A recent Simpsons episode declared Jimmy Carter to be history's greatest monster. Ok, it aired for the first time 12 years ago, but I recently watched it again, and thought to myself, self, why are we laughing at this? I think it is funny, but I'm not really sure why I do. I don't even have a vague recollection of a time or event when Jimmy Carter was relevant in any way to me. Anyone under the age of thirty probably doesn't either. If we don't know the past, we are doomed to repeat it. In the spirit of this, I thought it was necessary to give the old history books a little tune up, and am selecting a new History's Greatest Monster.
In selecting a new History's Greatest Monster, it was important to try the make them relevant to the youth of the world because frankly, children are the future. (Side note: I briefly considered making children the new History's Greatest Monster). Kids need someone to piss on, cuz' it helps them build self esteem, so we need to give them a fresh face to hate, or, if their parents are Republicans, pattern their voting after.
The list of choices can be easily be built by opening an LA or DC phone book and blindly pointing a finger, so I had to narrow it down. I was looking for someone with cultural relevance of the pop variety that really didn't bring any substance to the table, has a weird interpersonal relationship that makes gay marriage seem old-fashioned and comfortable, and who was Internet savvy, cuz' the kids, they love that Internet.
I could only come up with one truly worthy candidate. He is the man who brought Twitter to the masses, turned banging cougars into a lifelong celebration of commitment and inter-generational love (ewwww), as well as invented and probably trademarked the phrase "punk'd" (which I am guessing the Huff Post is probably writing him a cheque for right now for its mere mention). I am talking of course about Ashton Kutcher.
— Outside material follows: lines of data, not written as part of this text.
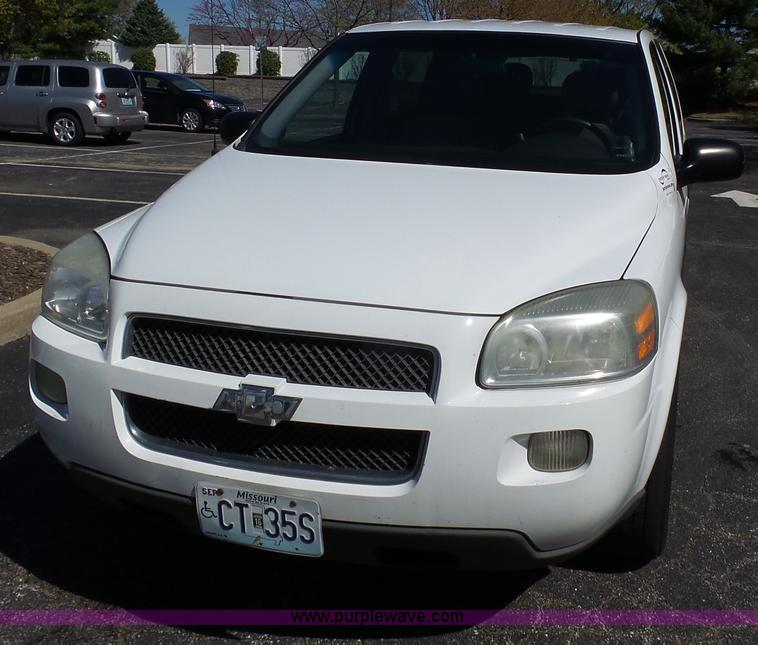 image for item K1359 2006 Chevrolet Uplander handicap accessible van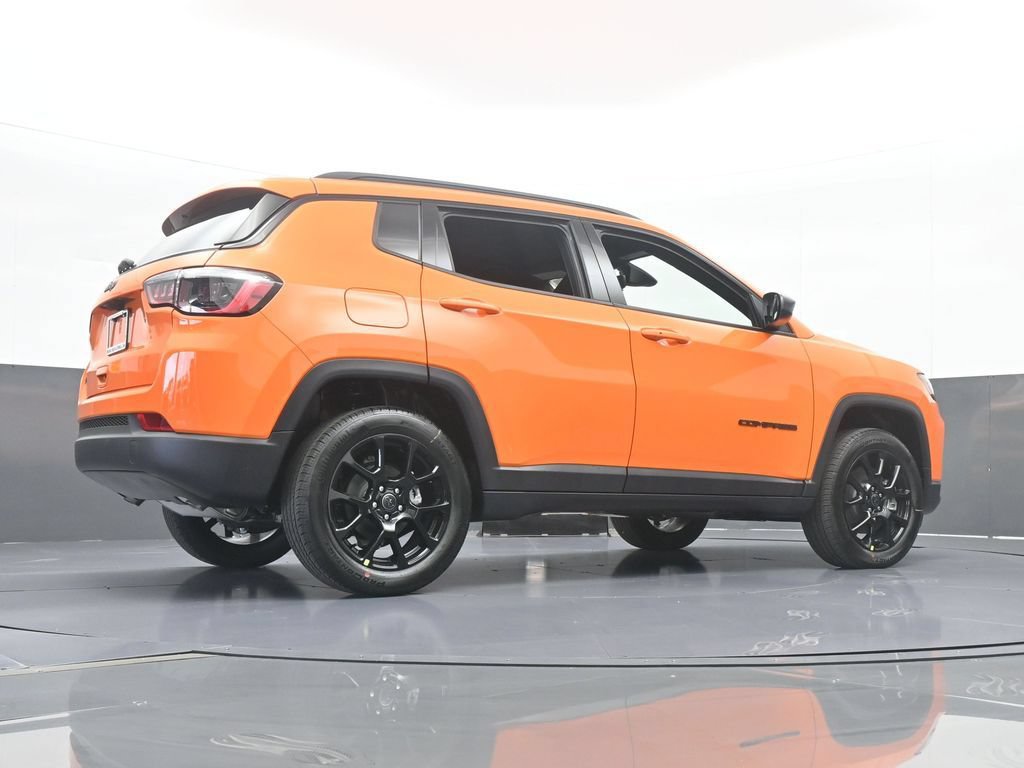 New 2026 Jeep Compass Latitude AWD/4WD image 53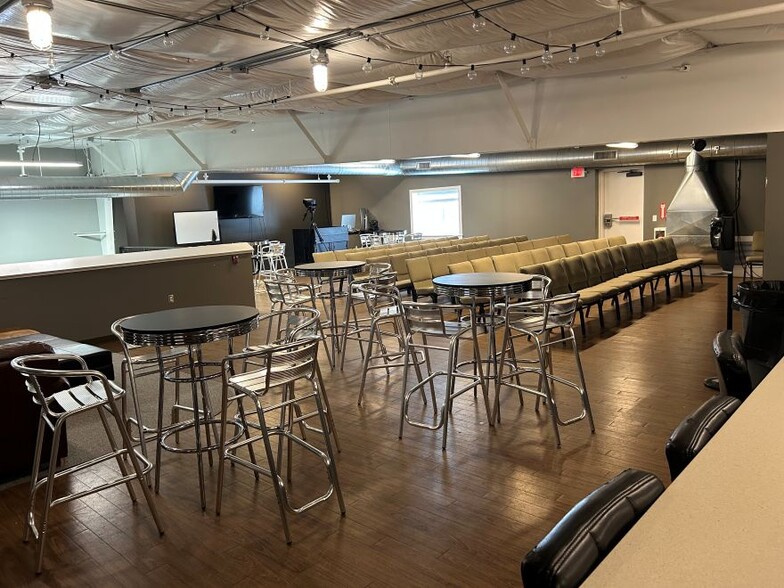 More Photos Of 4975 E Traverse Hwy, Traverse City Specialty For Lease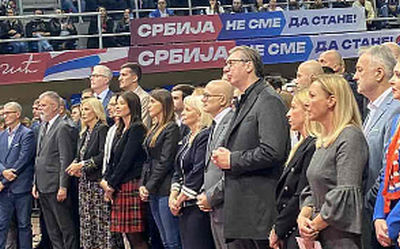  A szerb elnök riogatni is kezdte a szavazókat, főleg a nyugdíjasokat, hogy minden sebtében bejelentett kedvezményt és juttatást elveszíthetnek, ha december 17-én nem a pártjára, illetve a perszonalizálás által nem rá szavaznak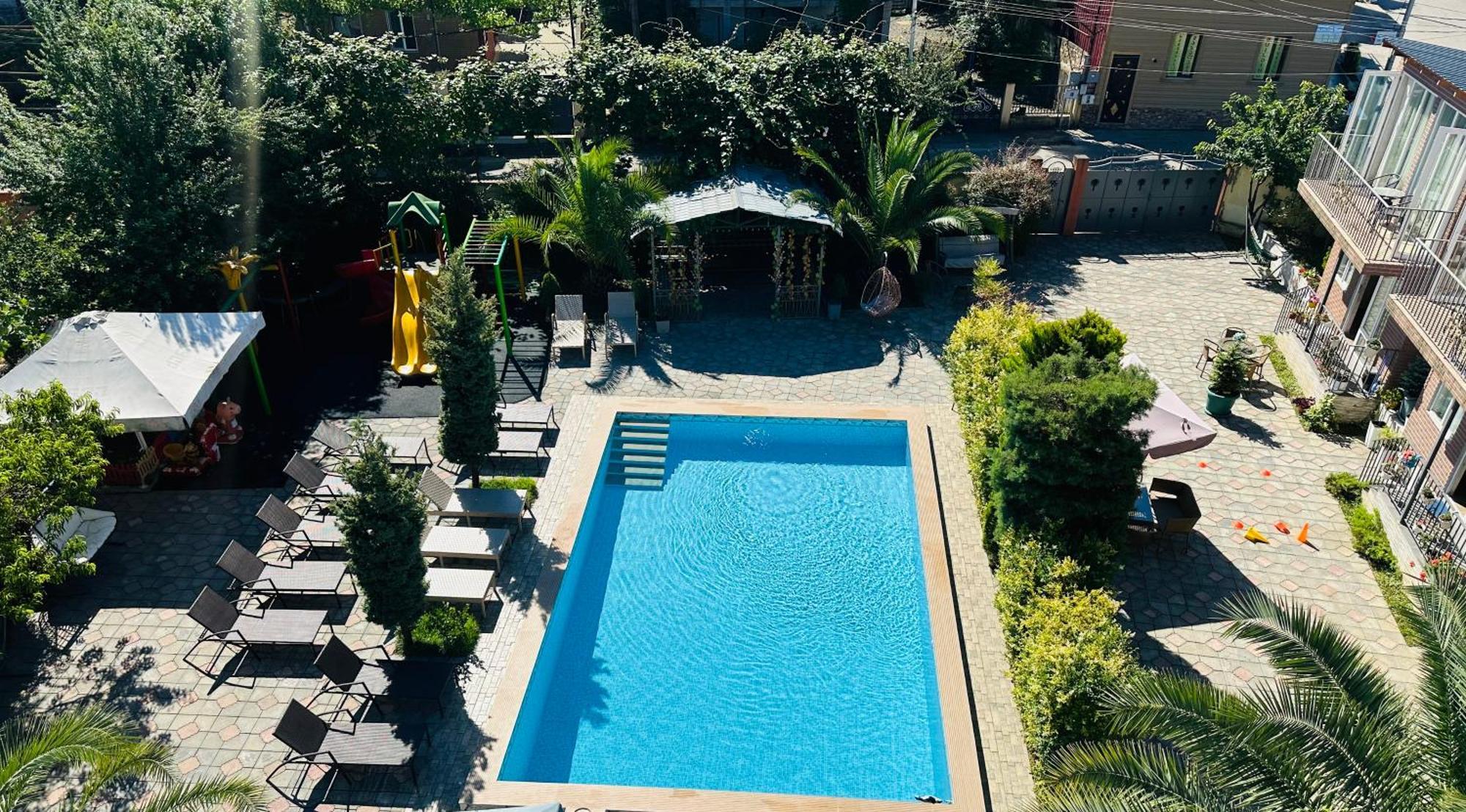 Hotel Buta Batumi Bagian luar foto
He crushed any lingering hopes of Hollywood's premiere 80's power couple reuniting, became the first twitterbird to break a million friendsters or whatever the fug those greasy little urchins who sit on The Google all day and play with their ipods call it, and I'm still waiting for the blood work to come back, but I'm pretty sure he slept with and impregnated my high school girlfriend. And that's just the stuff we know about.
Now he even has Shaq doing this ridiculous thing called twittering. Getting a 7 foot tall, 320 pound man to do anything called twittering is insidious, especially when it involves creating a following. Also, Kutcher, your cheek bones are too high. (Ok, I admit another reason I don't like you because you are too good looking. There, I said it. You look like you could star in a porno re-make of Dazed and Confused with your forty-something but still hot wife, and I would probably shell out $40 for the DVD even though you are destroying my favourite PG-13 teenage sex romp period piece. And I hate that you have that kind of marketing pull on me. Damn your chiseled features!)
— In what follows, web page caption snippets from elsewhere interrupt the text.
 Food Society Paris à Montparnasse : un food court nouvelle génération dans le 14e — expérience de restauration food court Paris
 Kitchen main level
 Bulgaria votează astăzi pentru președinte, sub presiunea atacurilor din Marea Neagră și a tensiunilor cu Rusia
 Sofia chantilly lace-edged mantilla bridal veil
But it's the twittering that really gets me. You are introducing a social media that is a cultural atrocity to a generation that already is battered with so many stupid and hokey gimmicks that pass for using your brain or communicating with people using real words. The modern teenager's communications are so banal they barely make it to 140 characters as it is, now you are limiting them to this? Not to mention exposing them to the vapidness of a celebrity's daily lives, like they needed more?
So get out your tweet pad kids, and spread the word: "Kutcher is a morally reprehensible ding dong that is ruining your future. He is history's greatest monster. Pass it on." I think that is less than 140 characters. I hope the message spreads, because when it comes down to it, it is all about the children.